Calculate the average of new cases of Jan 2021 and Feb 2021! Which one is bigger?

**Hints**

Use the `.loc[]` function to select the months (see above examples for index ranges)

Use the `.mean()` function to calculate the mean

You can chain functions like `df.function1().function2().function(3)["2022-01-01"]`

In [None]:
# Solution

print("Jan 2021: ", df.loc["2021-01-01":"2021-01-31", "new_cases"].mean())
print("Feb 2021: ", df.loc["2021-02-01":"2021-02-28", "new_cases"].mean())

---
# 3. Simple data visualization<a id="chapter3"/>

There are numerous data visualization packages available for Python (e.g. matplotlib, seaborn). The [Python Graph Gallery](https://www.python-graph-gallery.com) gives a lot of examples with code snippets.

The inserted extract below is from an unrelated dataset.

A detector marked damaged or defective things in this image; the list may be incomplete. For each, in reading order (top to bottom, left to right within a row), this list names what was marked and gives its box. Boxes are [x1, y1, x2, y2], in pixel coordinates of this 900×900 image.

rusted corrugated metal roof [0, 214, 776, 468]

Pandas include a `.plot()` function that automatically calls the respective functionality from a visualization package (matplotlib, by default).

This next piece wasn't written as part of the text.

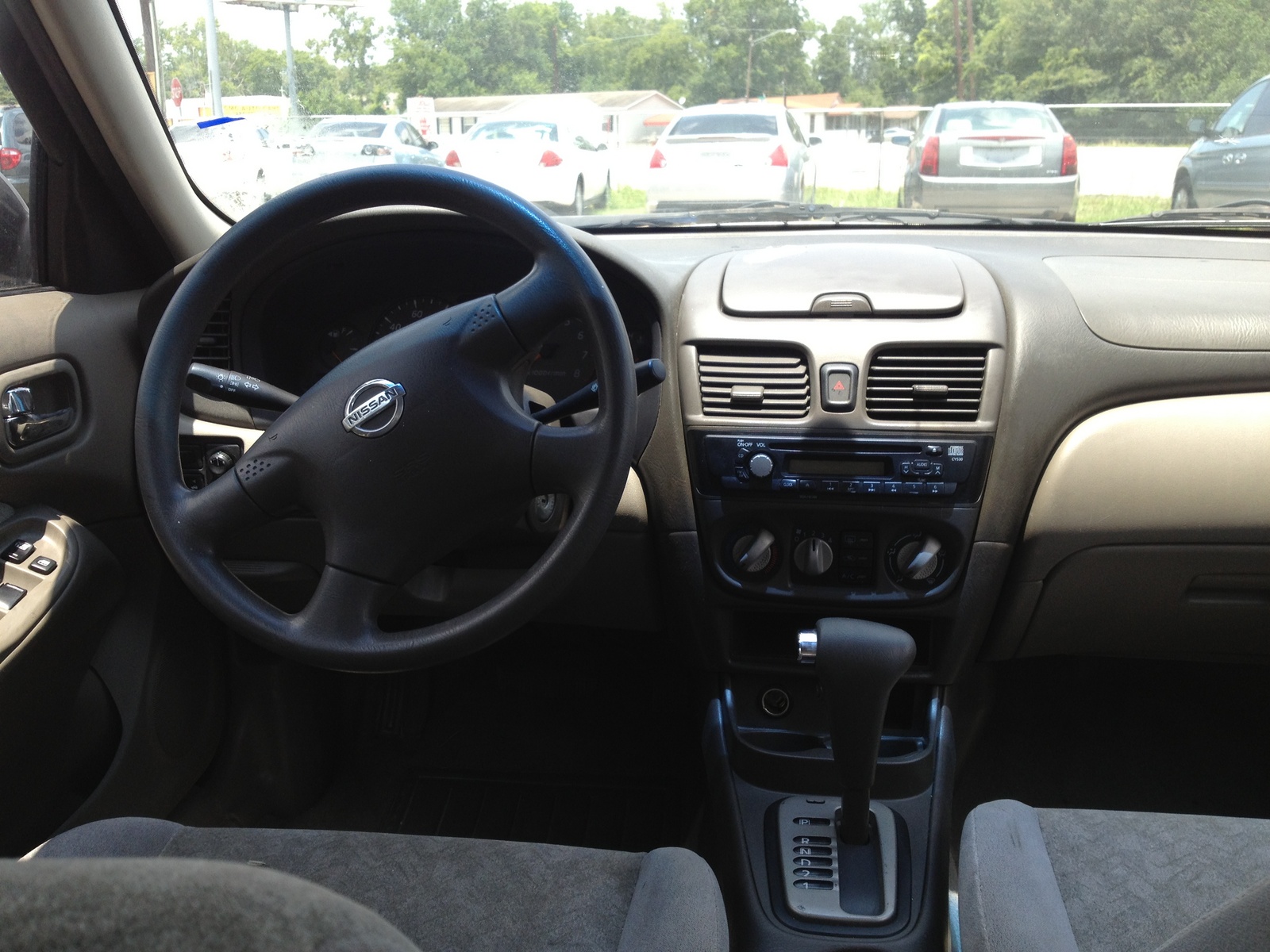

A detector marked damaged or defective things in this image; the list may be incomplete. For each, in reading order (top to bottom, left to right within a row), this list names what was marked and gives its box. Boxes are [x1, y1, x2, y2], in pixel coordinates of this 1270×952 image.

cracked windshield glass [124, 0, 1270, 225]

This sections shows a lot of examples to get you started.

In [None]:
last_quarter = df.new_cases[-90:-1]
last_quarter.plot()  # plot the new cases for the last 90 days 

# (if you're unsure about the syntax, recheck the Python basics notebook or google python negative indexing for lists or dataframes 

In [None]:
# let's make it look a little nicer, for a list of all parameters check https://pandas.pydata.org/docs/reference/api/pandas.DataFrame.plot.html

last_quarter.plot(kind="area", figsize=(18,5), 
                  color="lightblue", legend=True,
                   title="New infections during the last quarter",
                   ylabel="Number of cases")

In [None]:
# let's check the distribution of daily case count for January 2021 with a boxplot
last_quarter.plot(kind="box")

In [None]:
# let's do a histogram to check the overall distribution
last_quarter.plot(kind="hist", edgecolor="white") 

In [None]:
# For scatterplots (plot x vs y values as dots) we need a little different syntax and come back to the full dataframe, containing all columns:
df[-90:-1].plot(kind="scatter", x="new_cases", y="new_deaths", color="blue", title="Todesfälle vs. Neuinfektionen pro Tag")

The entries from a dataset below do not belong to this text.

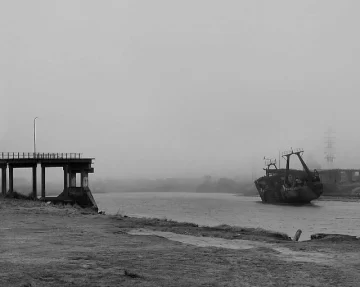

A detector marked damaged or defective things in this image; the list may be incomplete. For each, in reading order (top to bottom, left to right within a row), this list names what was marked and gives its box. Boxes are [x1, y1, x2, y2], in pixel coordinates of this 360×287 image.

rusty vessel [253, 150, 324, 204] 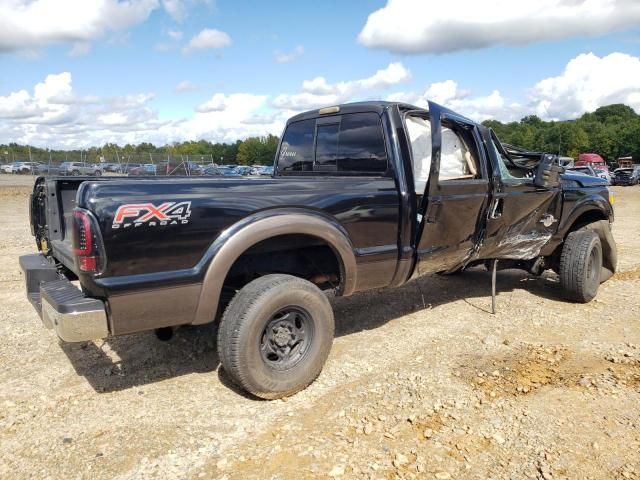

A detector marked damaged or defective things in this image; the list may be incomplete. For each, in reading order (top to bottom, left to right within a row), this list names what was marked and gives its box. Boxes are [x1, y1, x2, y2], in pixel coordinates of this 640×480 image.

damaged passenger door [410, 101, 490, 274]
damaged passenger door [478, 127, 564, 260] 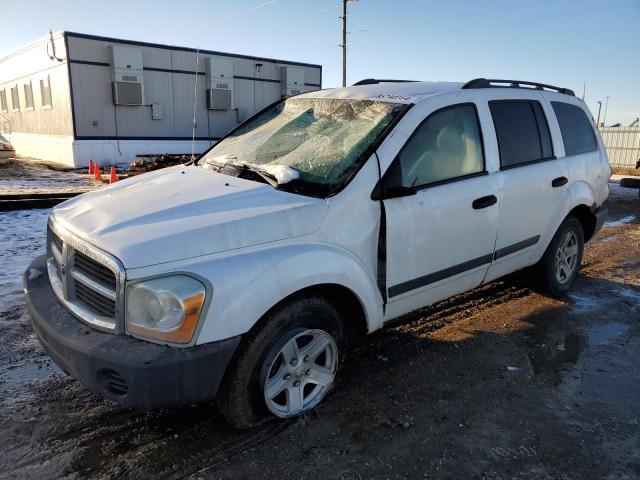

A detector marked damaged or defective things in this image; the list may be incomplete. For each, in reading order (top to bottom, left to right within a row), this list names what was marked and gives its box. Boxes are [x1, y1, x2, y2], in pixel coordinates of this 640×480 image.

damaged windshield [198, 96, 404, 196]
crumpled hood [52, 166, 328, 270]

To show multiple data series in a single plot, just put the statements in the same notebook cell:

In [None]:
df[-90:-1].new_cases.plot  (kind="hist", figsize=(16,5), alpha=0.5, color="blue", legend=True, 
                            label="last 90 days", title="Number of days with x new infections, quarterly comparison") 
df[-180:-91].new_cases.plot(kind="hist", figsize=(16,5), alpha=0.2, color="green", legend=True, 
                            label="previous 90 days") 

---
## <span style="color:#FF5D02;">Assignment: Explore viszalization commands</span>

Change the above plotting commands to show other data fields, other sections of the dataframe.